People ask me where the mysteries in my Hill Country novels come from. The answer is simple: I listen. Every diner has a table where the same five people sit every morning, and they know everything about everyone. Every church potluck is a confessional disguised as casserole. Every ranch gate that swings open is the beginning of a story.
Small Towns Hold Secrets
Sweet Tea and Skeletons is built on something I learned as a community journalist: small towns don't keep secrets. They keep them close, they tell them sideways, they wrap them in euphemism and politeness—but they circulate.
My amateur sleuth isn't investigating alone. She's embedded in a community where everyone has motive, means, and the good sense not to admit it directly. The mystery unfolds not in interrogation rooms, but in the space between what people say and what they mean.
Why Cozy Means Authentic
Cozy mysteries don't need violence on the page to have stakes. They need community. They need the understanding that when someone dies, the person who finds the body still has to face these people every day—at church, at the feed store, at the diner where everyone watches.

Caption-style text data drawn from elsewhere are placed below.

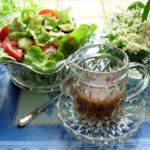 Flaming June: Getting ready for the Salad Season – Fantastique Jam Jar French Dressing
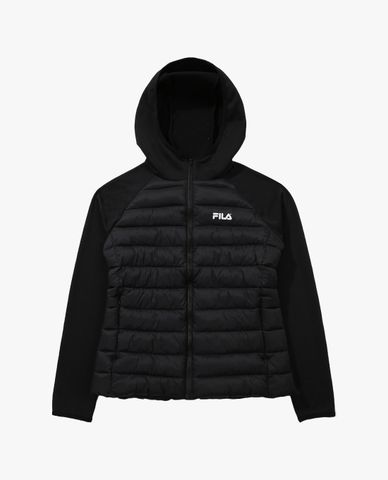  FILA - Women's Studio Hybrid Hooded Padded Jacket 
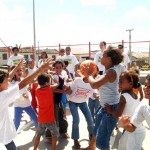 Estudantes do bairro Santa Maria retornam às atividades do Projeto Segundo Tempo  - Fotos: Wellington Barreto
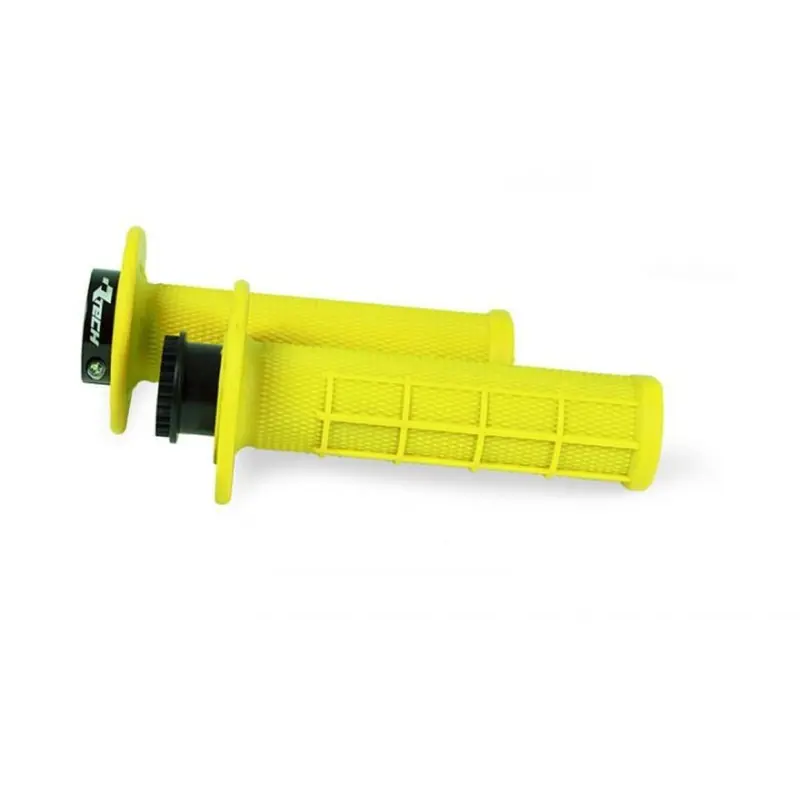 RACETECH (RTECH) MANETKI R20 LOCK-ON (22+25MM) KOLOR ŻÓŁTY NEON (HALF WAFFLE) + 8 ADAPTERÓW ROLGAZU Zamów dziś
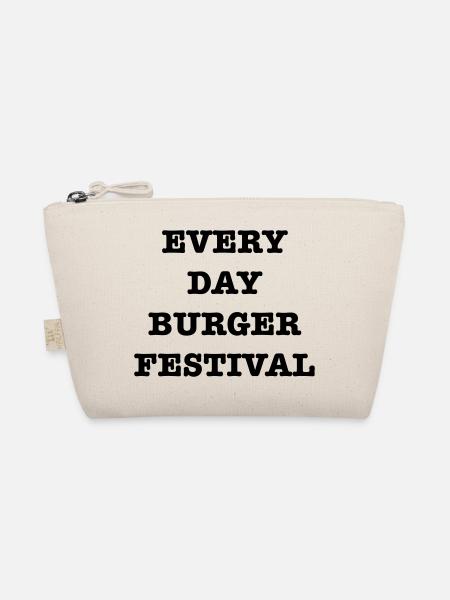 EveryDayBurgerFestival - Organic Pouch - nature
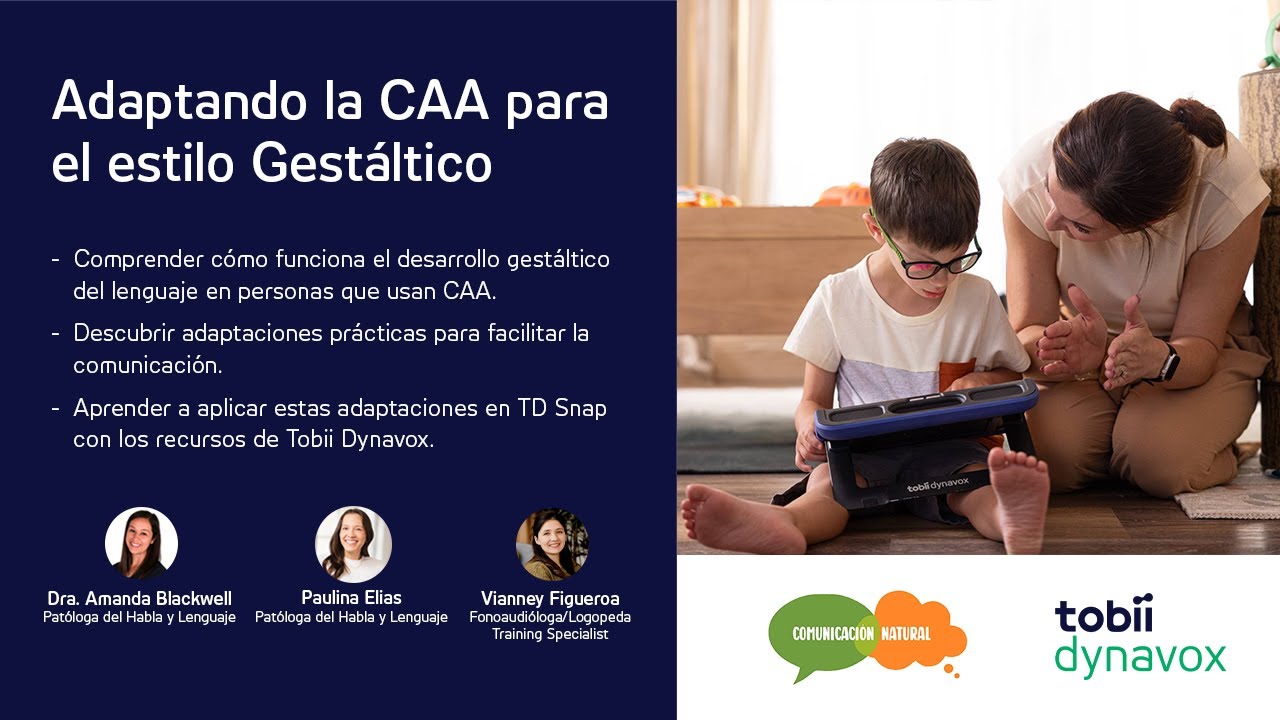 Adaptando la CAA al estilo Gestáltico (con la Dra. Amanda Blackwell y Paulina Elias)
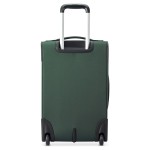Delsey Βαλίτσα καμπίνας expandable 56x35.5x23.5/26.5cm με 2 ρόδες σειρά Pin up 6 Green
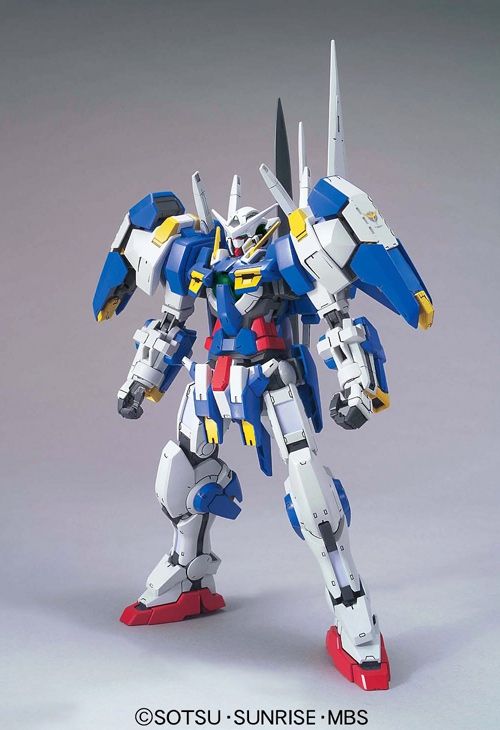 NG 1/100 Gundam Avalanche Exia - No Grade Mobile Suit Gundam 00 | Glacier Hobbies
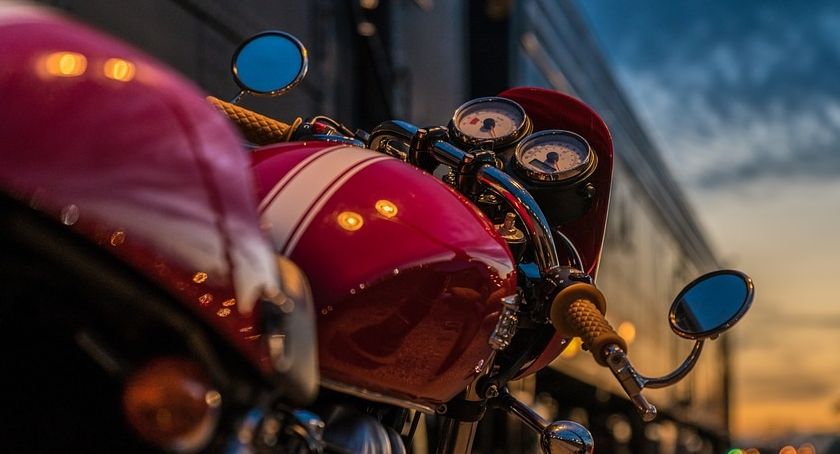 Śmierć motocylisty w Łękach koło Kęt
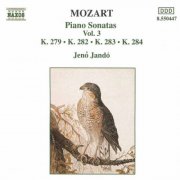 Jeno Jando - Mozart: Piano Sonatas, Vol. 3 - Nos. 1, 4, 5 and 6 (1991)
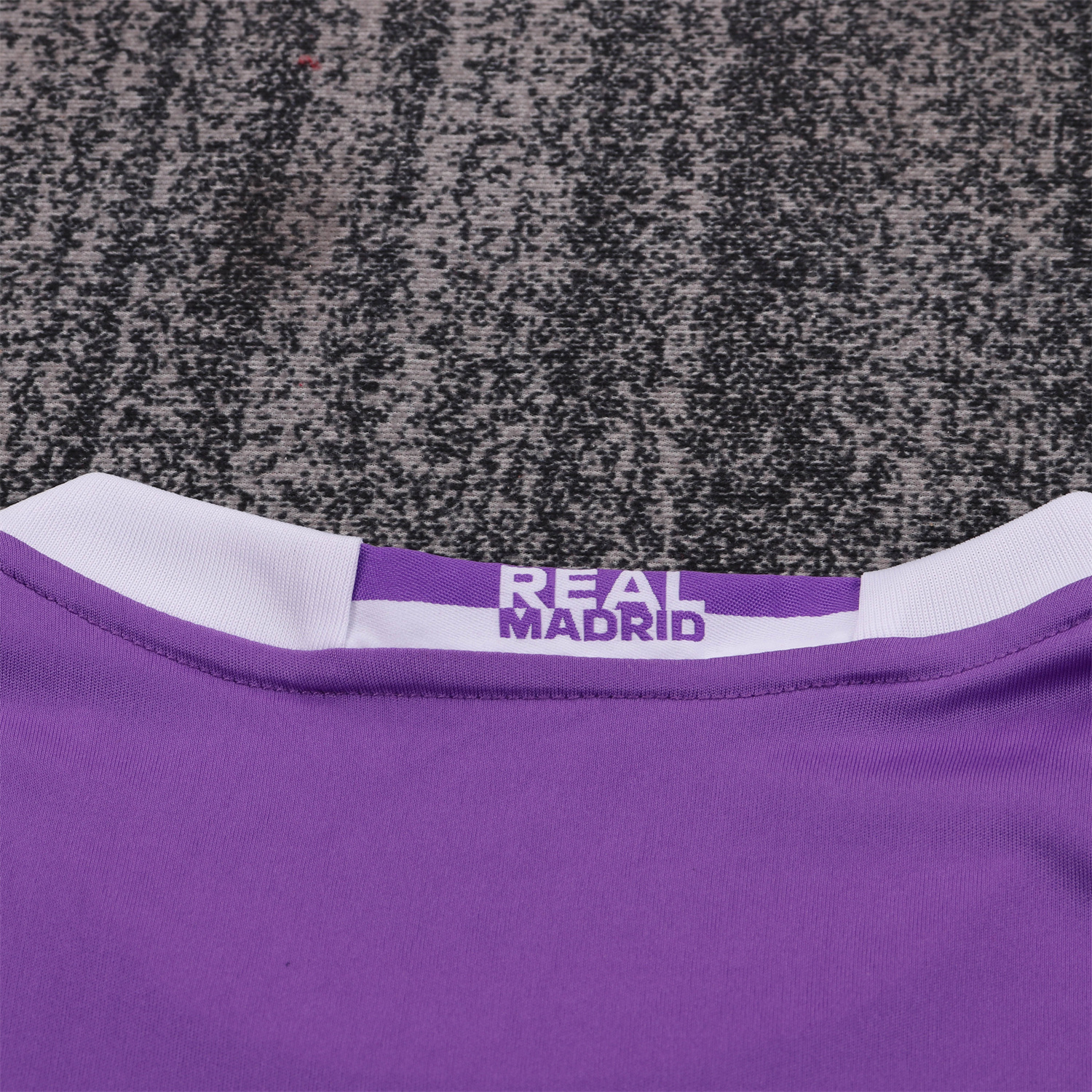 foot-Retro Real Madrid 16-17 Away Purple Long Sleeves Kids Kit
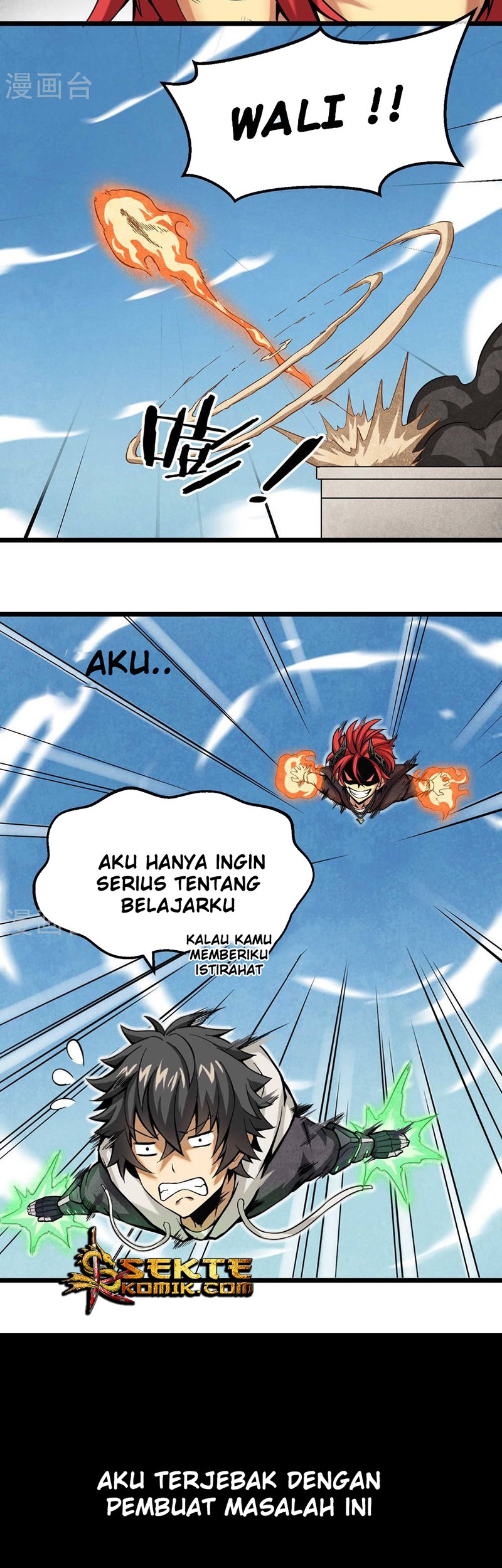 Steel Fist Attack Chapter 1 - halaman 27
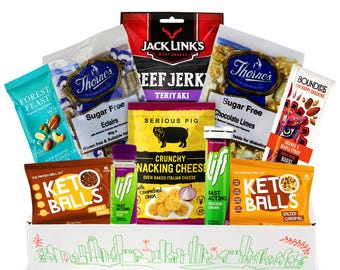 Diabetic Gift Hamper: Low Sugar Snacks & Fast-Acting Glucose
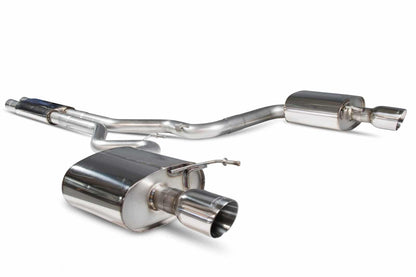 Scorpion Ford Mustang 5.0L V8 GT (2015-16) Cat-Back Exhaust (Non-GPF Model Only) - Dark Road Performance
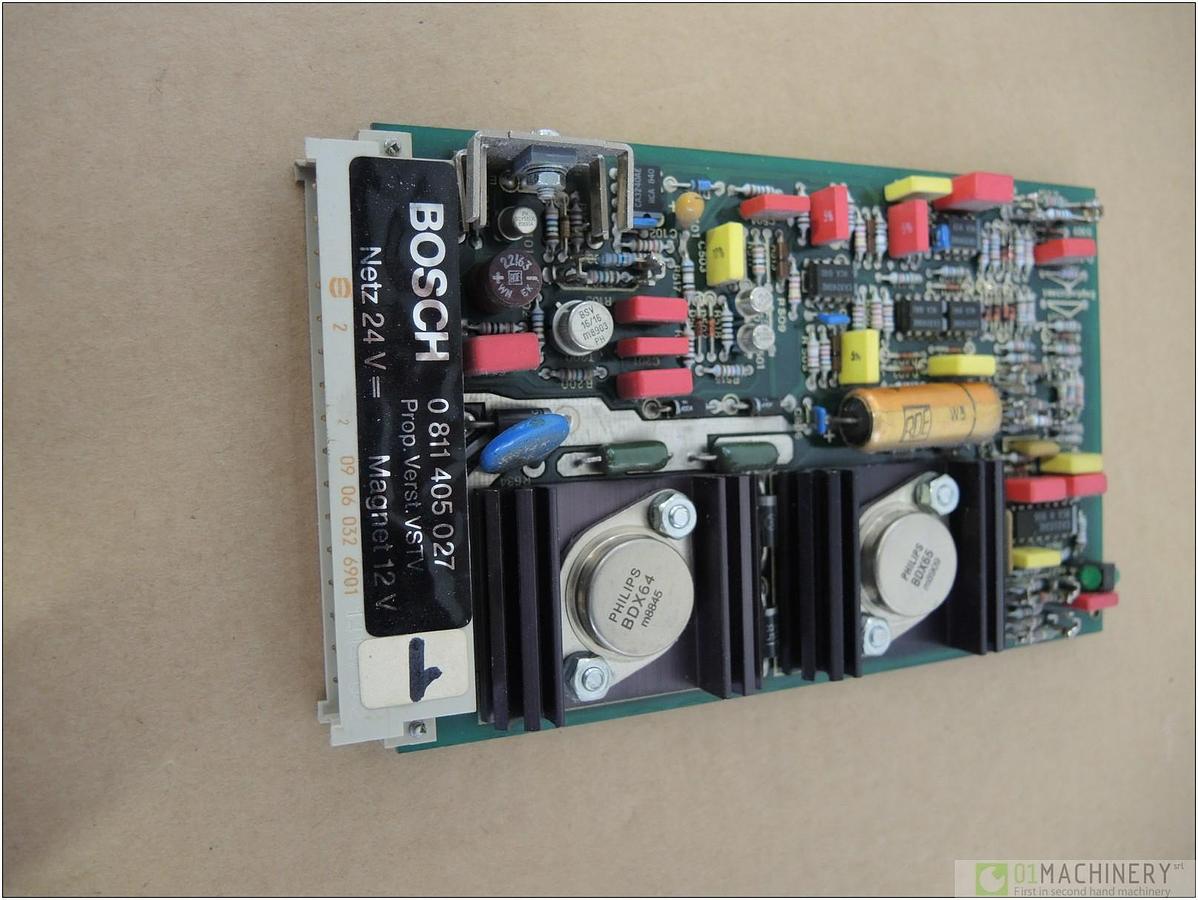 2009 BOSCH 0 811 405 027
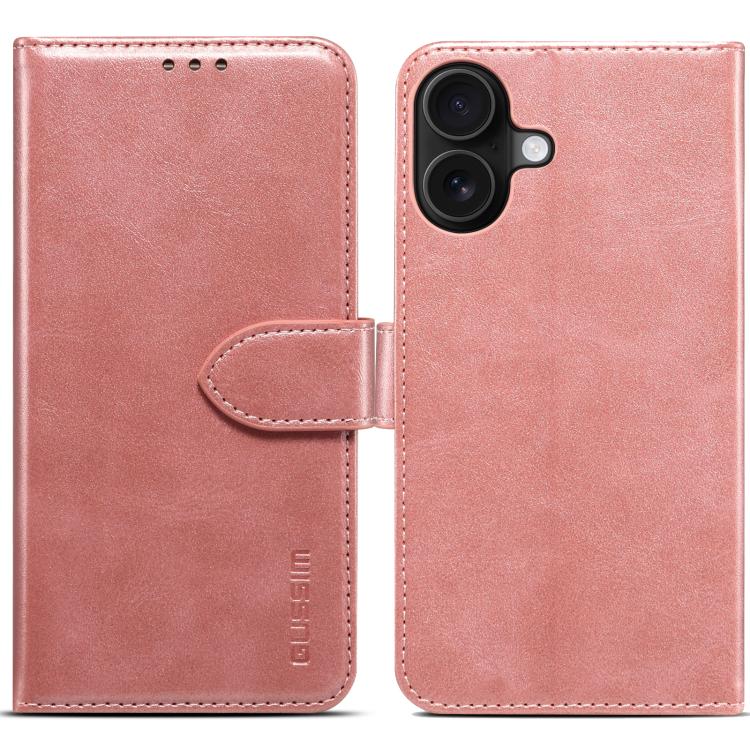 GUSSIM Magnetic Horizontal Flip Leather Phone Case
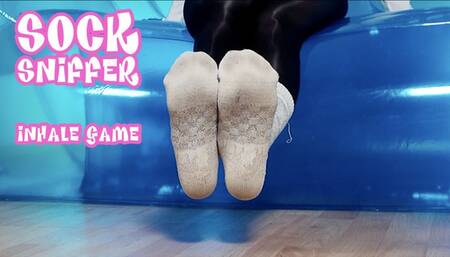 Sock Sniffer Inhale Game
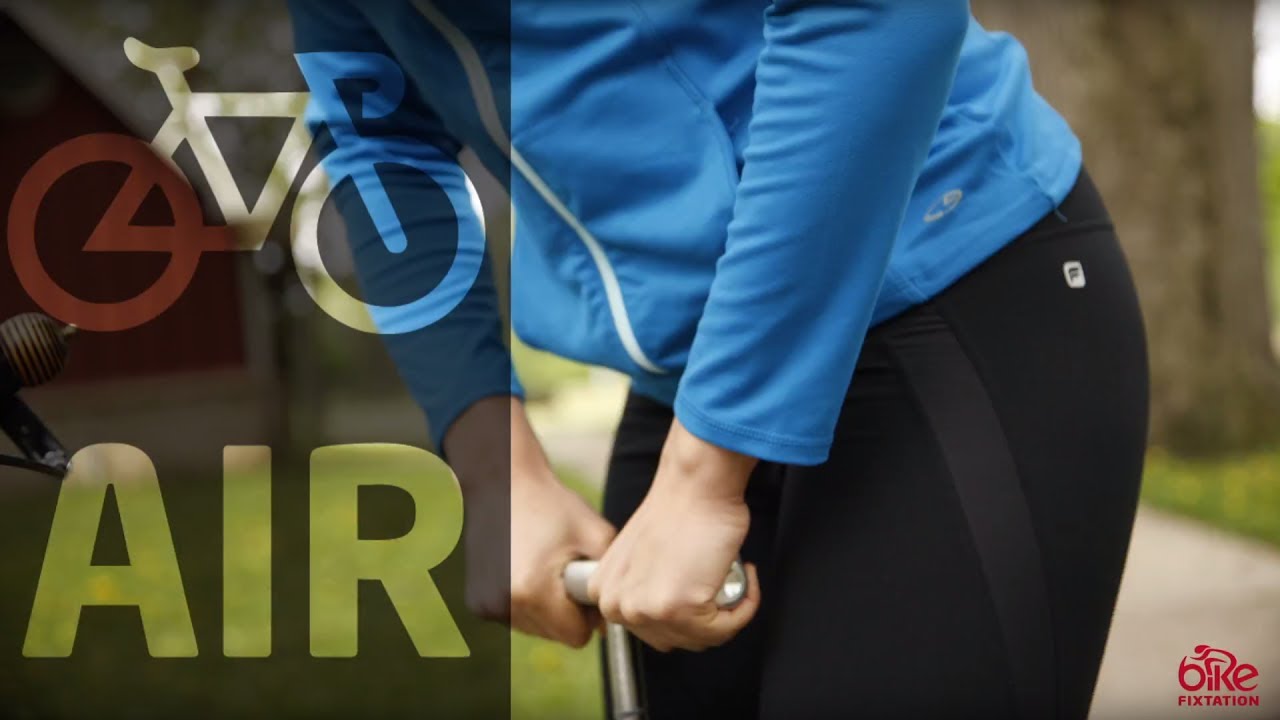 Bike Fixation: Public Bike Pump (French Subtitles)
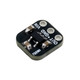 Isometric view of 7Semi TPS60401 negative voltage generator module with VIN, GND, and OUT pins for charge pump voltage inversion in analog circuits, op-amp power supplies, LCD bias, sensor modules, and embedded electronics.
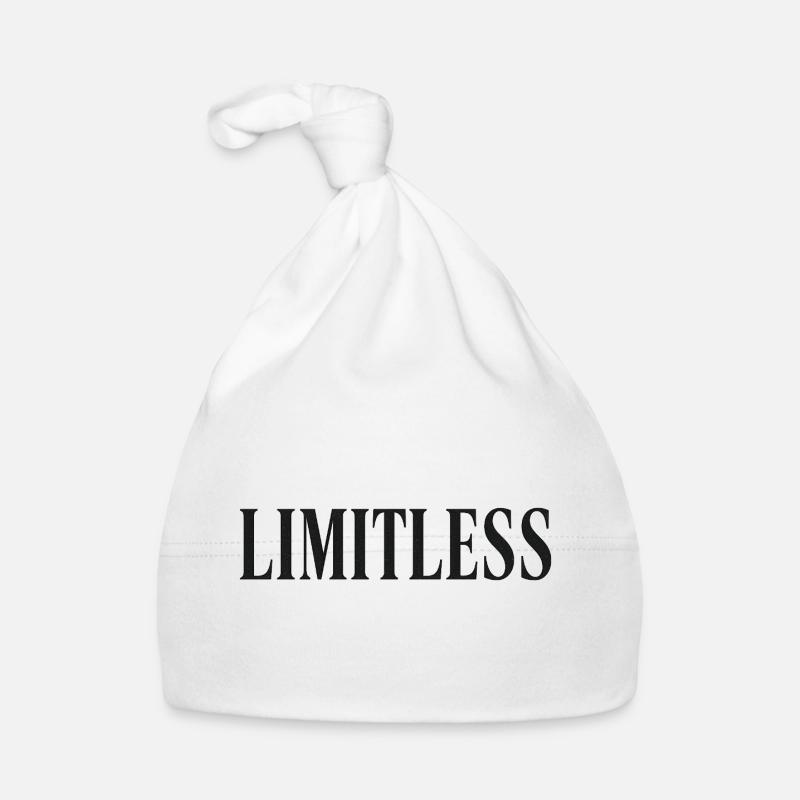 Limitless Bold Serif Statement Organic Baby Cap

In Hill Country, everyone is your neighbor. That's the real tension.
The Craft of Setting
I spend time in the places I write. I sit on porches at sunset. I go to county fairs. I listen to how people talk—the idioms, the pauses, the things left unsaid. Hill Country has a rhythm and a vocabulary, and if you don't capture both, the mystery falls flat.
My horses listen to me plot. My barn cat judges my dialogue. This isn't just where I set my stories—it's where I solve them.
A Mystery You'll Actually Care About
If you read Sweet Tea and Skeletons, you'll meet people who feel real because they're built from observation, not tropes. You'll solve a mystery alongside someone who knows the cost of being wrong. And you'll understand why, in a small town, the kindest thing someone can do is ask the hard questions.